Epstein Barr virus (EBV), Kaposi sarcoma associated herpesvirus (KSHV), natural killer cells, humanized mice, autophagy
We try to understand the comprehensive immune control against the human oncogenic -herpesviruses EBV and KSHV. We aim to re-install this immune control in patients with the respective virus-associated malignancies by vaccination and to harness the components of this immune control against other tumors.
The human oncogenic y-herpesviruses EBV and KSHV are each associated with around 1-2% of all tumors in patients. Their seroprevalence in the adult human population is, however, much higher with close to 100% for EBV worldwide and more than 50% for KSHV in regions of Subsaharan Africa. The tumorigenicity of these oncogenic viruses is immune controlled in most persistently infected individuals for life, constituting paradigms of comprehensive cell-mediated immune control of cancer cells.

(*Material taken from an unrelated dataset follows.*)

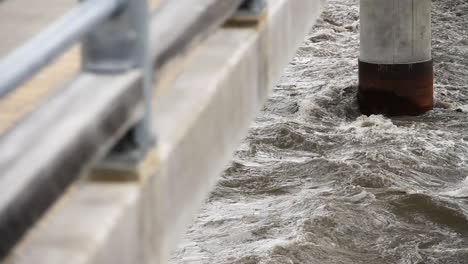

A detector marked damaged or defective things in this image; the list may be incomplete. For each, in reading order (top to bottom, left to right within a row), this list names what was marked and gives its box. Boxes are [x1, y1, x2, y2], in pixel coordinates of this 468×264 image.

rusty brown band [358, 59, 436, 116]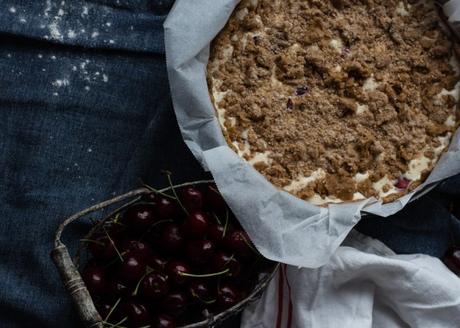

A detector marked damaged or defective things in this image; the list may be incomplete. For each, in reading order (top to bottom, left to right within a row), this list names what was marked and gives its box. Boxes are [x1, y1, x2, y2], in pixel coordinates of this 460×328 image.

We have characterized protective antigens of EBV that are now widely used in the currently tested vaccine candidates, implicated autophagy in the processing of these antigens for MHC presentation and established in vivo infection models for these two exclusively human lymphotropic viruses that recapitulate key features of tumor formation and immune control.
Our future studies aim to refine our understanding of the molecular mechanisms that ensure near perfect immune control of EBV and KSHV in most infected individuals, which of these components fail, when virus associated malignancies emerge and how comprehensive immune control could be re-installed in the respective cancer patients by vaccination. We aim to apply the lessons from these studies to immunotherapies of other human cancers.